Langerhans cell histiocytosis (LCH) is an inflammatory myeloid neoplasia1 characterized by the accumulation of clonal CD207+ myeloid dendritic cells amidst an inflammatory background of macrophages, T-lymphocytes, and eosinophils.2–4 LCH presents most commonly in infants and children. The sites affected by LCH are highly variable, ranging from single-system disease in skin or bone to multisystem disease, potentially with risk-organ (liver, spleen, and bone marrow) involvement that predicts increased mortality.5 LCH patients frequently present with cutaneous signs that can sometimes resemble eczema or seborrheic dermatitis, with the scalp being the most common site of involvement.6 LCH lesions involving the skin may represent skin-limited disease that can resolve spontaneously or with minimal chemotherapy. Alternatively, skin lesions may represent the most clinically evident manifestation of potentially life-threatening multisystem disease. Previous studies have reported that 53% of patients with multisystem LCH present with skin lesions.7, 8 However, the true incidence of skin-limited LCH may be underestimated because patients with spontaneously-resolving or mild disease may go undiagnosed or may not be referred to specialists.9 The potential of skin-limited LCH to “metastasize” to other organs is not clear, with studies reporting widely variable occurrence of progression of isolated skin LCH to multisystem disease (0–60%).7, 9–16
Risk-organ involvement and inadequate response to initial therapy are the major clinical features currently associated with adverse outcomes in patients with skin LCH.5, 17, 18 Other predictors of disease extent, risk of progression or recurrence, or survival remain to be elucidated. The somatic BRAF-V600E mutation has been identified in pathologic dendritic cells of LCH lesions in approximately 60% of patients.19 Although BRAF status of the lesion does not predict risk-organ involvement, detection of BRAF-V600E in circulating blood cells has been associated with increased risk of disease recurrence independent of risk-organ involvement.1 Among patients with BRAF-V600E mutation identified in lesional biopsies, the presence of circulating cells with BRAF-V600E mutation was highly sensitive and specific for multi-system high risk LCH.1 In this study we characterize the significance of clinical variables, including age and presence of circulating cells with BRAF-V600E, with respect to extent of disease at diagnosis and clinical outcomes in patients with LCH skin lesions.
Methods
Medical records of 71 consecutive patients who presented with any LCH skin lesions, either as skin-limited disease or multisystem disease, at the Texas Children’s Cancer and Hematology Centers (TXCH) from March 2005 through October 2011 were reviewed. Patients who presented to TXCH either with de novo disease or by referral after diagnosis were included in this study. The age, date of diagnosis, date of symptom onset, location of LCH involvement, type of therapy, response to therapy, and time to recurrence or disease progression were recorded. Review of patient records was performed according to protocols approved by the Institutional Review Board of Baylor College of Medicine (BCM IRB).

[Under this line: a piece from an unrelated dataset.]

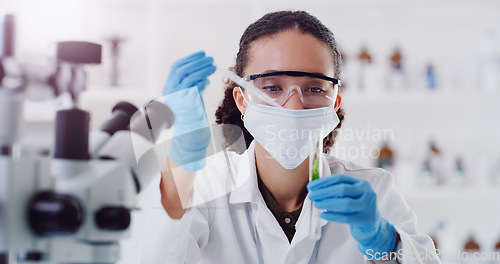 Image of Herbal plant medicine, lab research and woman scientist with test tube of a employee with science work. Laboratory, working and chemistry for medical and analysis doing botanical analytics with mask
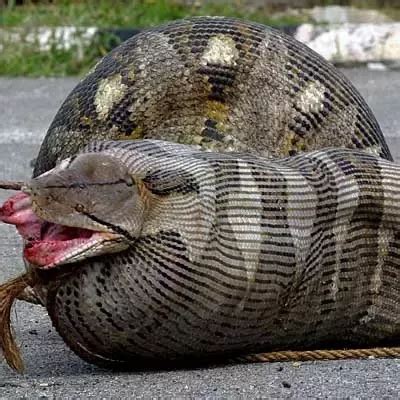 Syfi Giant Snakes Eating People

Incidence and location of progression and recurrence were characterized as counts and proportions using categorical variables and age of symptoms onset, age of diagnosis, and time until disease progression were characterized with means and ranges. Disease state and response criteria were defined according to the Histiocyte Society Evaluation and Treatment Guidelines for LCH.20 Disease state was classified as non-active disease (NAD) or active disease (AD). Response in patients with AD was noted as AD/better (improving disease), AD/intermediate (stable disease, or regression with new sites of disease), or AD/worse. Progression was defined as development of AD/worse. Progression-free survival (PFS) was calculated using the Kaplan-Meier methods and compared by log-rank (Mantel-Cox) test, and data were censored at time of last follow-up. Clinical variables between groups of patients were compared using the two-tailed Mann-Whitney test for non-parametric data. Contingency analyses were performed using Fisher exact test. Odds ratios (ORs) and 95% confidence intervals (CIs) were calculated to determine the association between clinical features of skin LCH and multisystem disease. Mantel-Haenszel method was used to determine hazard ratio of disease progression between skin-limited and skin plus multisystem disease. Data analyses were performed using Prism v. 5.0 (GraphPad, La Jolla, California).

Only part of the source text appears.